JULY 26, 2009
ING Renault banned from Valencia
The FIA has ruled that the ING Renault F1 team is suspended for the next Grand Prix, because a wheel fell off Fernando Alonso's car during the Hungarian Grand Prix. The Federation Francaise du Sport Automobile, the French national sporting authority, has appealed the decision on behalf of the team. It remains to be seen when the Court of Appeal will be convened, but with the European holidays now kicking in, it is unlikely that this will happen before the end of August. Thus one can expect to see Renault racing in Valencia, but it could then be left out of one of the following Grands Prix, probably the Italian race.
The FIA is obviously seriously worried about parts falling off cars, following the death of Henry Surtees in the Formula 2 race at Brands Hatch and the serious head injury suffered by Felipe Massa in Hungary at the weekend. Thus the decision is easily justifiable in terms of safety. It is, however, inevitable - whether the FIA likes it or not - that the move will be seen by some in F1 circles as some kind of a payback for Renault team boss Flavio Briatore, who has been one of the leading members of FOTA in recent months.

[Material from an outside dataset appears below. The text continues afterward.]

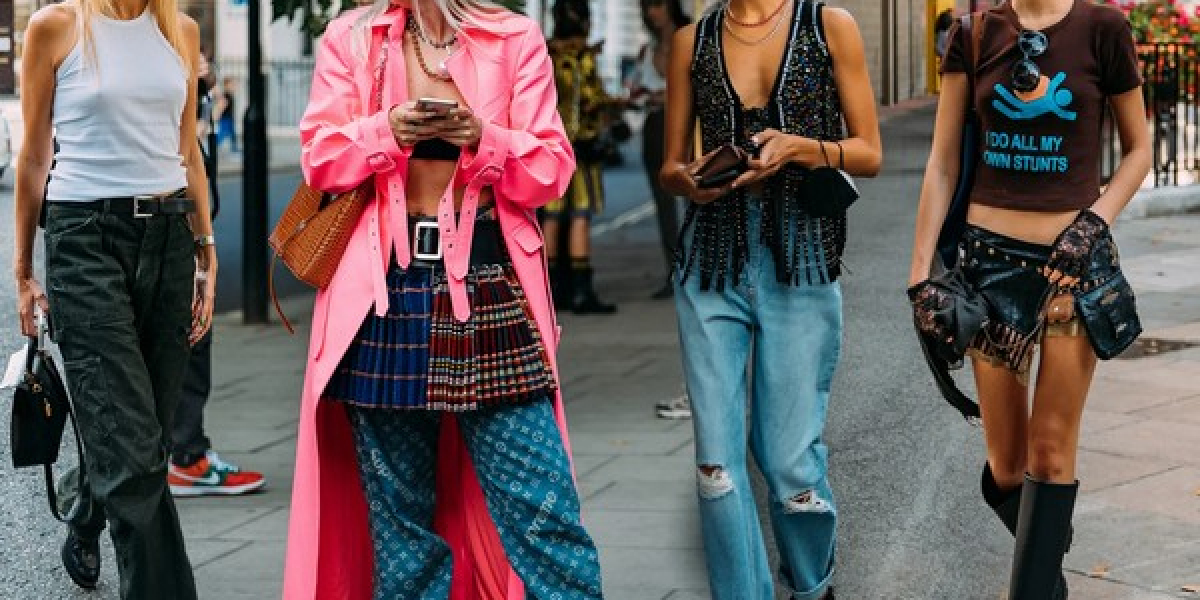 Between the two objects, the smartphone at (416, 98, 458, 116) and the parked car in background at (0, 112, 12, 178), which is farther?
the parked car in background at (0, 112, 12, 178)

It will not help that the FIA Stewards in Budapest include some of Max Mosley's strongest supporters, who are advised by Mosley's right hand man Alan Donnelly. One of them is none other than Mohammed Ben Sulayem, the UAE representative, who confessed last year to have personally provided Mosley with 41 votes for last year's confidence vote resulting from Mosley's spanking scandal. Ben Sulayem later became an FIA Vice President. It is somewhat ironic that Ben Sulayem was given the opportunity to show off his driving skills in a Renault F1 car in Dubai a few months ago.
He crashed into the wall after losing control of the car as he accelerated away from the startline. A rather embarrassing experience.
Safety is, of course, of paramount importance and it is always difficult for those who seek to argue against the logic of it. However, such actions will lead the conspiracy theorists to see all manner of skeletons in the F1 cupboard. Although it has yet to be reported properly, there are rumours at the moment that Renault is on the verge of selling its F1 team to someone that Briatore has found to take it over. This will no doubt disrupt any negotiations along those lines. At the same time, with Massa unlikely to be back in action for Ferrari for some time, the team will be needing a new driver. It is expected that Alonso will join the Italian team next year whatever happens and it would be very convenient for that now to happen earlier than planned.
Such cynicism is rife in F1 circles and it will be interesting to see if this is what comes to pass.
The logic behind this punishment is that the team "knowingly released" Alonso from the pits without one of the retaining devices for the wheel-nuts being securely in position; it failed to take any action to prevent the car leaving the pits, failed to inform the driver of the problem or advise him to take the appropriate actions. The FIA says that this resulted in a heavy car part detaching itself from the car.